You’re kidding me. The male lead actually did this with the side character?
Don’t tell me she thinks this means he loves her.
Please. Men have physical needs too.
I bet she pulled this whole retreat act on purpose.
For the first time, I didn’t immediately believe them.
There were too many things between Kyle and me that had never been said out loud.
So when his hand slid lower, I stopped him with a kiss to his throat.
“Kyle,” I whispered, “are you doing this because you like me? Or just because you need… something?”
He visibly jolted.
Then he let out a low laugh and said, word by word, “Ella, I have hands. And more than one way to deal with that.”
Before I could respond, his phone rang.
He glanced at the screen, and something changed in his face instantly.
He answered, listened for maybe three seconds, and stood up to get dressed.
“There was a fire in the office. Some contract files were destroyed. I have to go.”
I caught the edge of his shirt before he could leave.
Because I had seen the caller ID.
Lena.
Kyle seemed to misunderstand. He bent down and kissed my hair.

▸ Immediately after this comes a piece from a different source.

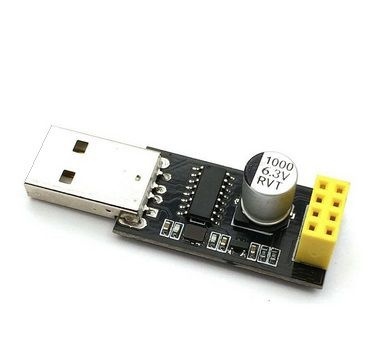 Adaptador USB Para Módulo WIFI ESP8266 ESP-01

“Be good. I’ll come back as soon as I can.”
Then he was gone.
And I was alone again in the bedroom, staring at the empty doorway while the comments laughed.
She’s so full of herself.
He belongs to the heroine. The second he heard she was in trouble, he ran.
At this point, if the side character still refuses to let go, that’s just embarrassing.
I sat there for a long time.
Then I lowered my eyes and thought, They’re right.
Dragging this out any longer really was embarrassing.